A final judgment is one which disposes of the whole subject, gives all the relief that was contemplated, provides with reasonable completeness, for giving effect to the judgment and leaves nothing to be done in the cause save to superintend, ministerially, the execution of the decree. Grand Trunk Western R. Co. et al. v. McHie, 6 Cir., 100 F.2d 86; Turnbull v. United States of America, 6 Cir. 139 F.2d 126; Hunter v. Federal Life Insurance Company, 8 Cir., 103 F.2d 192; Fields v. Mutual Ben. Life Ins. Co., 4 Cir., 93 F.2d 559. The recital in a judgment that "after these amounts are collected from the property owner and paid to the plaintiff the court will render a personal judgment * * * for the unpaid balance with proper orders for levying and collecting general taxes for the payment thereof" is interlocutory and will not support an appeal.

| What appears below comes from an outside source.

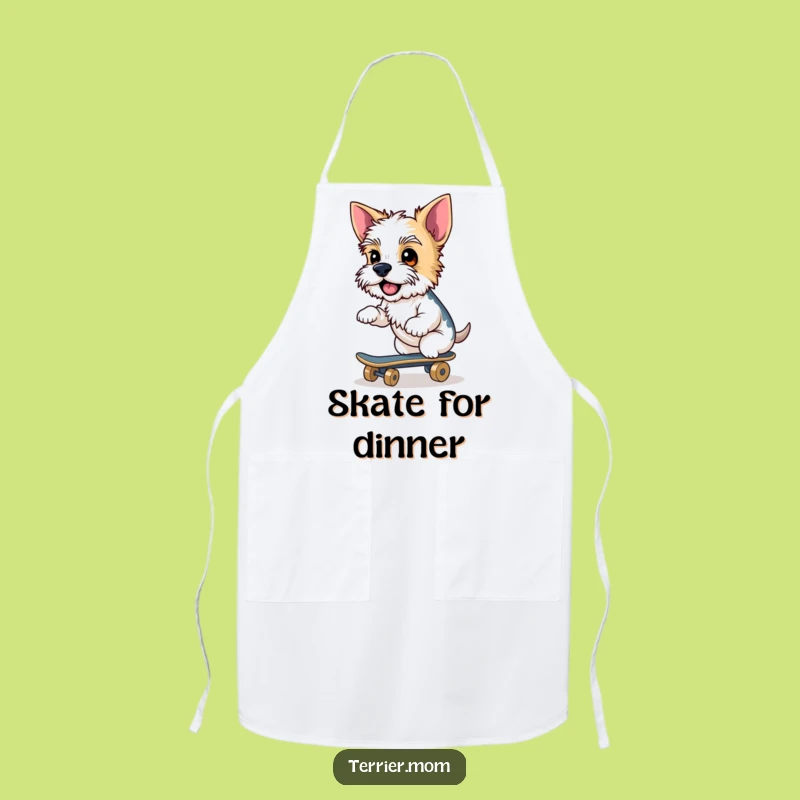 Funny Terrier Skateboard Apron: Kitchen Cool, Perfect Humorous Chef Gift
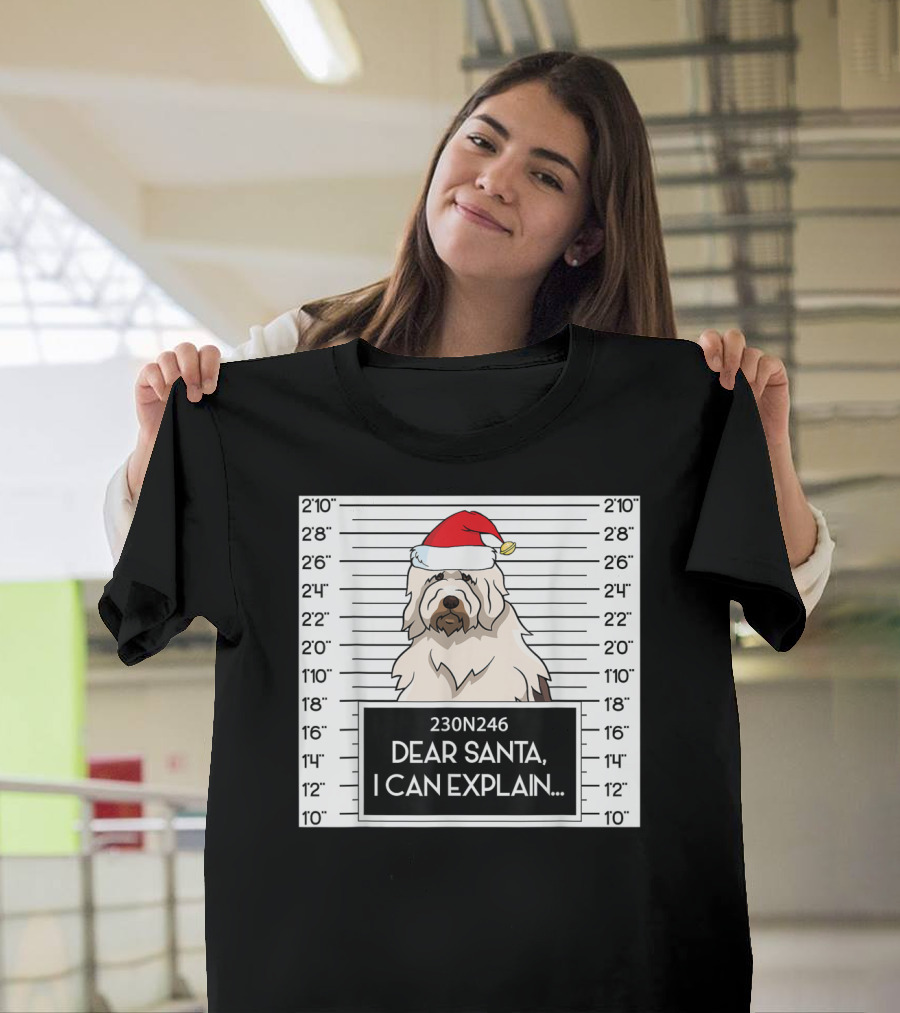 English Sheepdog Mugshot Dear Santa I Can Explain with Santa Hat T-Shirt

A judgment cannot be final where it is impossible for the party in whose favor the decision is made to obtain any benefit therefrom without re-setting the cause for hearing before the court upon a reservation made in the judgment itself. Notwithstanding the trial court adjudged appellant's defenses to be bad in law, it remained for the trial court by future orders or judgments to accomplish the object of the suit. When the trial court ascertains the amount of the judgment to which appellee is entitled and provides for its enforcement by the ministerial processes of the court, the cause will then be complete for appeal and if the judgment be affirmed, there will be nothing left for the trial court to do but to carry it into execution which is the essence of a final judgment for the purpose of appeal. Guarantee Company v. Mechanics' Sav. Bank & Trust Company, 173 U.S. 582, 586, 19 S. Ct. 551, 43 L. Ed. 818.

The only part of the judgment of which appellant complains is that part deciding that appellant is subject to a personal liability. The remainder of the judgment is conceded to be correct with the exception that appellant insists on its defense of statutory limitation as to some of the bonds, which question was not decided by the trial court. Appeal dismissed.